It would be nice to have similar study showing negative correlation between middle- and high-income working segments and the need of  “recreational” or other hard drugs that,  as opposed to High Tobacco monopoly to be available in any corner store, gave rise to Drug Cartels, most recent Mafia and other highly unlawful businesses, tens of thousands of murders along the way and overworked and outgunned police.

The most recent debate about decriminalization of marihuana possession is only the tip of the iceberg.

It is argued that raising tobacco taxes is beneficial in revenue terms for government and revenue from increases can help to cover the cost of comprehensive smoking control programs including campaigns, services and treatments to assist smokers or the cost of other programs that benefit low-income groups.

Over the years, as state and federal tobacco taxes have risen over the years, more and more smokers have taken to rolling their own cigarettes and cigars. This, of course, requires purchasing the raw material. Until March 31, 2009 the tax on a pound of tobacco was $1.09. According to the mentioned retail source, you can get up to 600 cigarettes, or up to 30 packs, out of a pound (www.wisegeek.com/what-is-a-regressive-tax.htm,) As $1.09 is a lot less money for the Administration than the up to $11.70 (30 packs times $0.39) she was extracting from regular smokers before April 1, no doubt that many inside the halls of government, probably with the helpful assistance of cigarette makers were moaning about “unfair” competition, were characterizing the “roll-your-own” cigarette (RYOs) as “freeloaders.”

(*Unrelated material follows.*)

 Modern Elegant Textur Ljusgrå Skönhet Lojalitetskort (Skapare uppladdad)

So Congress and  president Obama fixed that “unfair” situation by raising the per-pound tax on tobacco purchases from $1.09 to $24.78, a  2173% tax increase.

This latest round of federal tobacco tax increases is supposed to fund the expansion of SCHIP, the State Children’s Health Insurance Program. There is no defensible reason, other than sheer vindictiveness, why a small minority of the population, the roughly one in five adults who smoke, should, as is supposedly -  “supposedly”  because many analysts, including Heritage, have concluded that the population of smokers would have to increase dramatically for the tax increases to fully fund SCHIP expansion; that clearly won’t happen, and will set the stage for raiding “general revenues,” as if there really are any available, in the future  - the intent, pay for the entire multibillion-dollar cost that was added to the program earlier this year.

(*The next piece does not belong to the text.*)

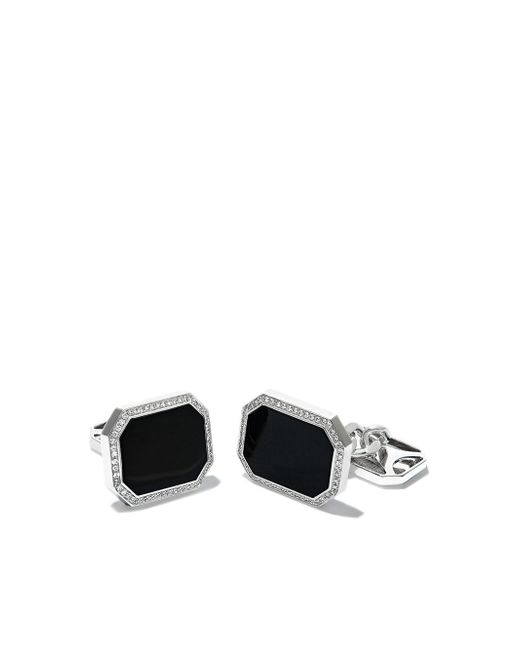 Shay 18kt white gold onyx diamond frame cufflinks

Last Wednesday, Gallup reported that the tobacco tax increases are “nearly three times as likely to affect low-income Americans as …. high-income Americans. That’s because 34% of the lowest-income Americans smoke, compared with only 13% of those earning $90,000 or more per year.” Since there is no reason to believe that “roll-your-own smokers” RYOs are any more or less prevalent among various income groups than smokers in general, the 2173% tax increase on raw tobacco purchases will hit affected lower-income RYO households even harder.

This then clearly states that the tobacco tax increases collectively represent about the most regressive tax imaginable.